DATA FOR THIS EXERCISE:
↓

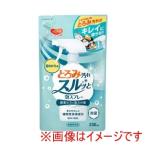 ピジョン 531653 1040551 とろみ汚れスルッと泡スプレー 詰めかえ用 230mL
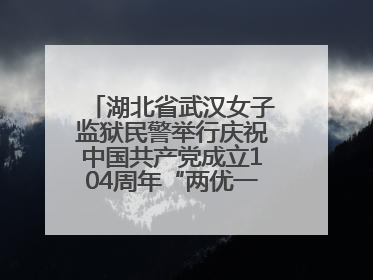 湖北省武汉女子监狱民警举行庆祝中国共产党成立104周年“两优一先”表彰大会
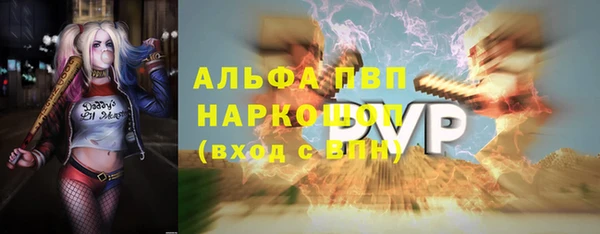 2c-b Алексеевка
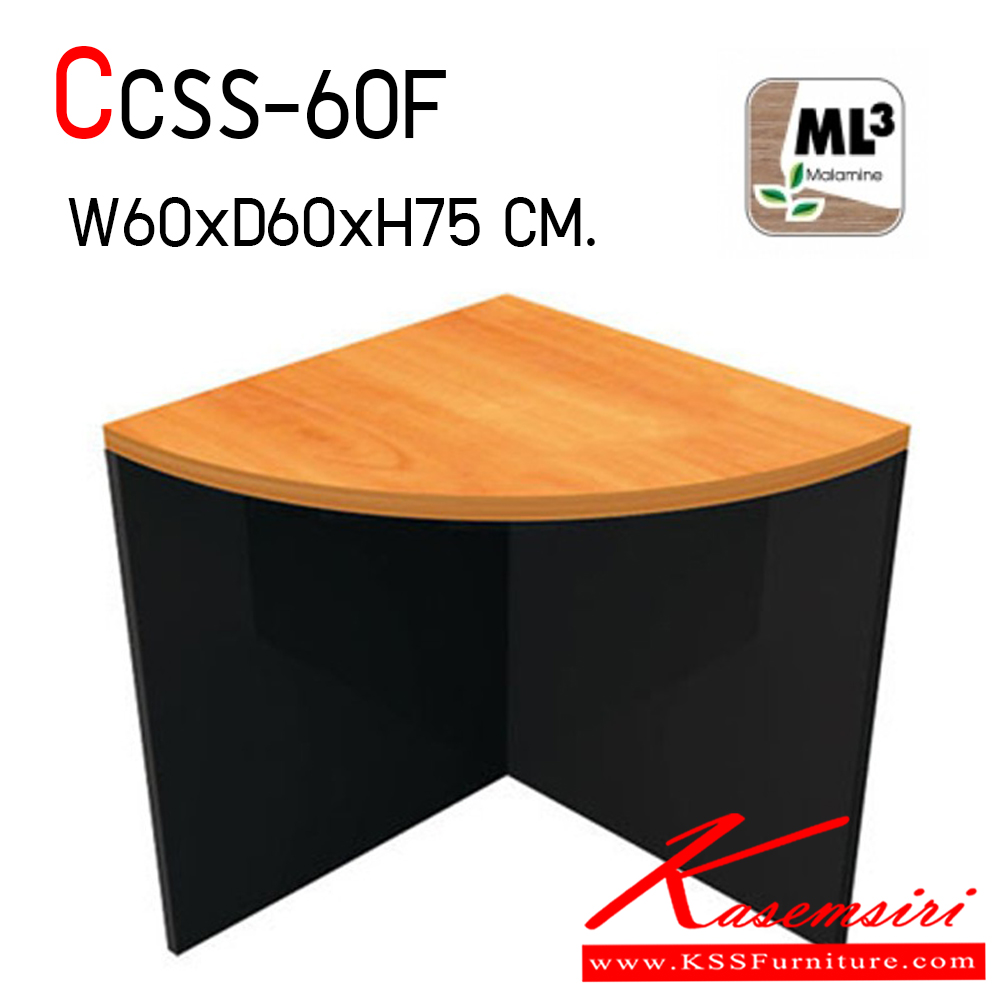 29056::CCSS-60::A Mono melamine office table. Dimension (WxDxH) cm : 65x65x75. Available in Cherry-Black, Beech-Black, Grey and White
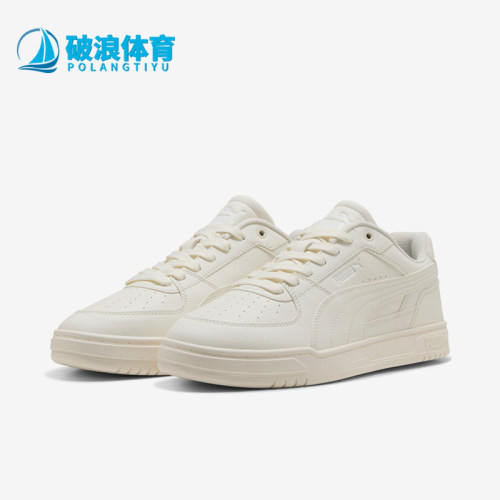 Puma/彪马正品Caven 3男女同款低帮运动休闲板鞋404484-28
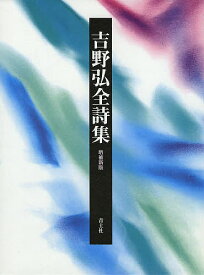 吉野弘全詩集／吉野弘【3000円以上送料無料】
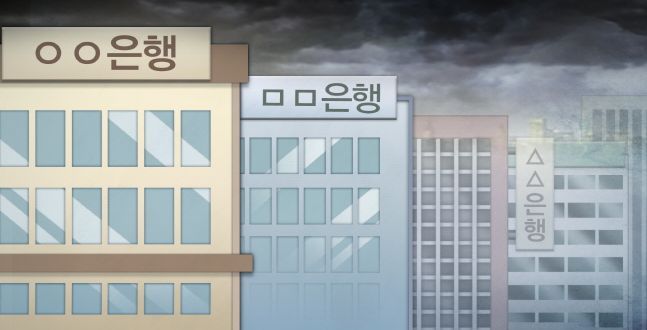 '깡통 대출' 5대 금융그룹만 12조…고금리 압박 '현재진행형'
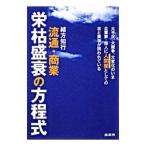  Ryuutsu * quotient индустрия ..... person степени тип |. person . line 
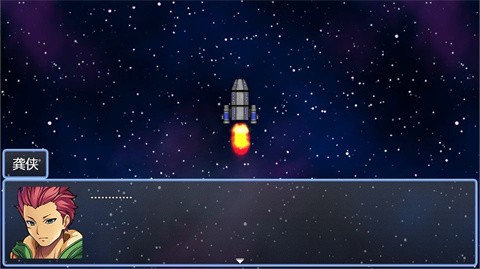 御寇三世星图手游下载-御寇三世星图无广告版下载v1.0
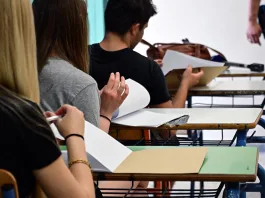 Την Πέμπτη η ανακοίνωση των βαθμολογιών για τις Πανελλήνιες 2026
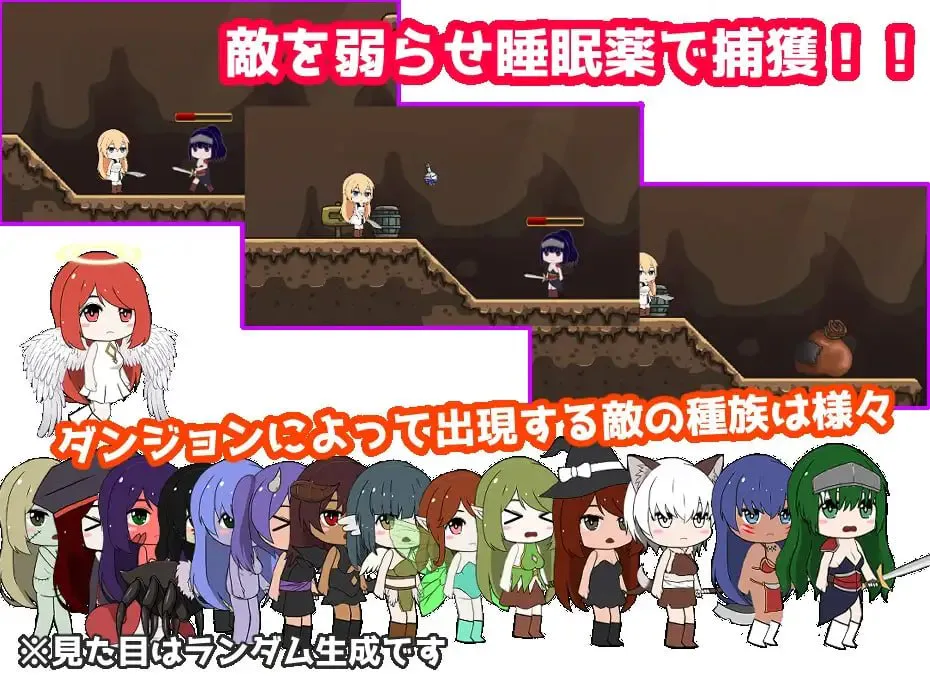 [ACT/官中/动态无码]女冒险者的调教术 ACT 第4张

↑
↓

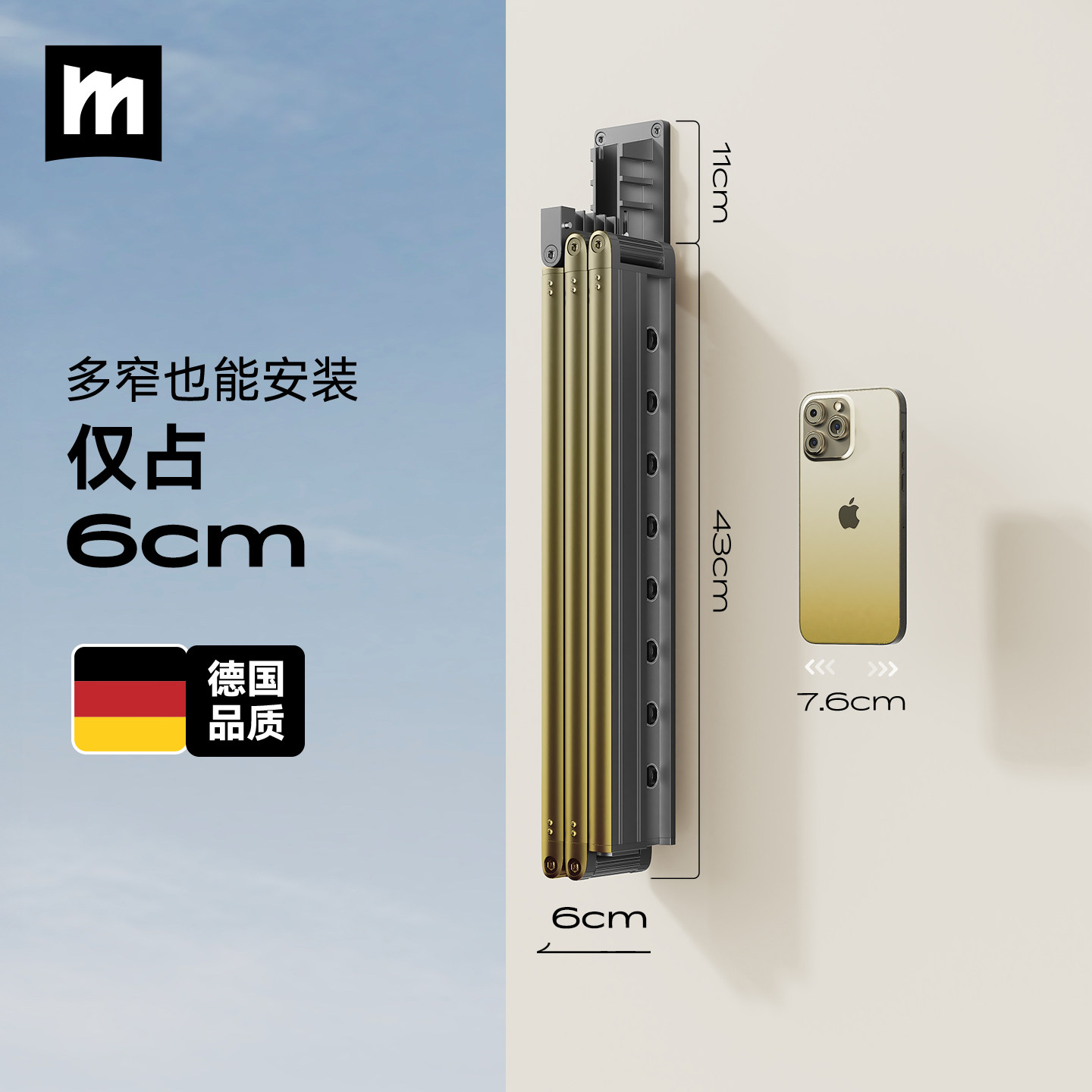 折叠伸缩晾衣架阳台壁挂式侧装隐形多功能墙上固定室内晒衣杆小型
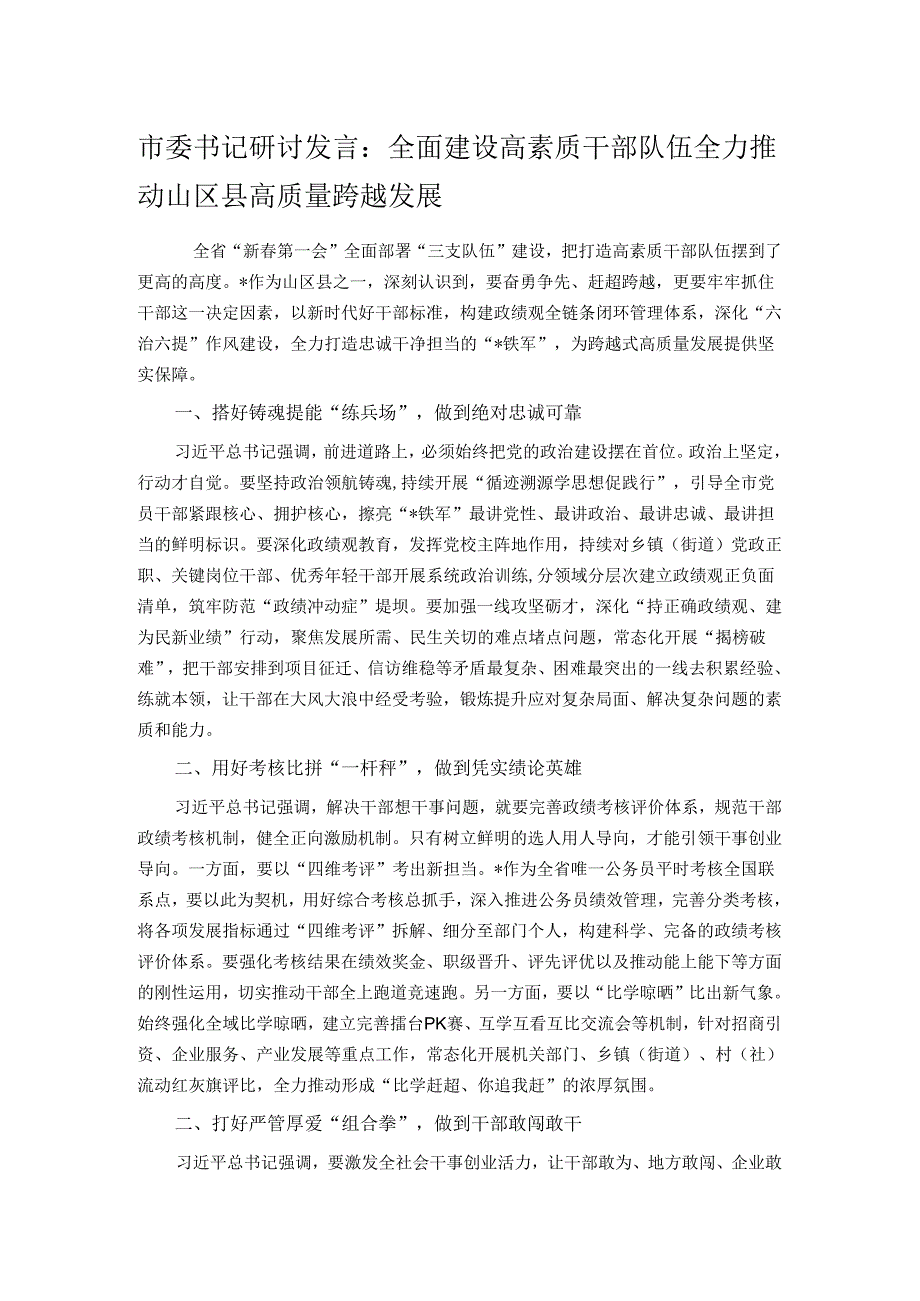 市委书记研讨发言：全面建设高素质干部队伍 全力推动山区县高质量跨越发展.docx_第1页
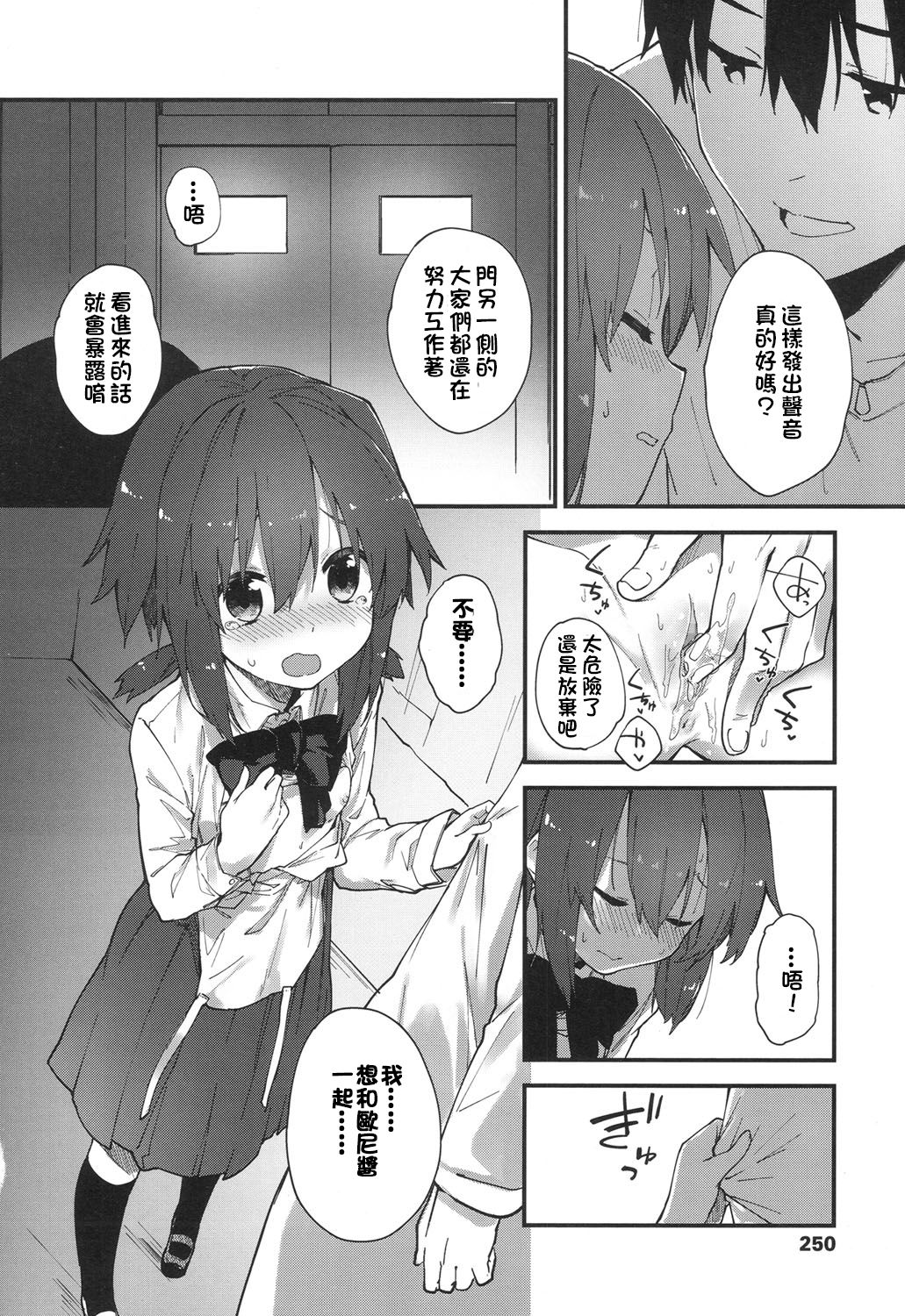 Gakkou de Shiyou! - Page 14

↑

PROBLEM DESCRIPTION:
Please return the data above exactly as it stands from the line with "ピジョン 531653 1040551" to the line with "吉野弘全詩集／吉野弘【3000円以上送料無料】", keeping both of those lines but none of the pictures.

RESPONSE AREA:
 ピジョン 531653 1040551 とろみ汚れスルッと泡スプレー 詰めかえ用 230mL
 湖北省武汉女子监狱民警举行庆祝中国共产党成立104周年“两优一先”表彰大会
 2c-b Алексеевка
 29056::CCSS-60::A Mono melamine office table. Dimension (WxDxH) cm : 65x65x75. Available in Cherry-Black, Beech-Black, Grey and White
 Puma/彪马正品Caven 3男女同款低帮运动休闲板鞋404484-28
 吉野弘全詩集／吉野弘【3000円以上送料無料】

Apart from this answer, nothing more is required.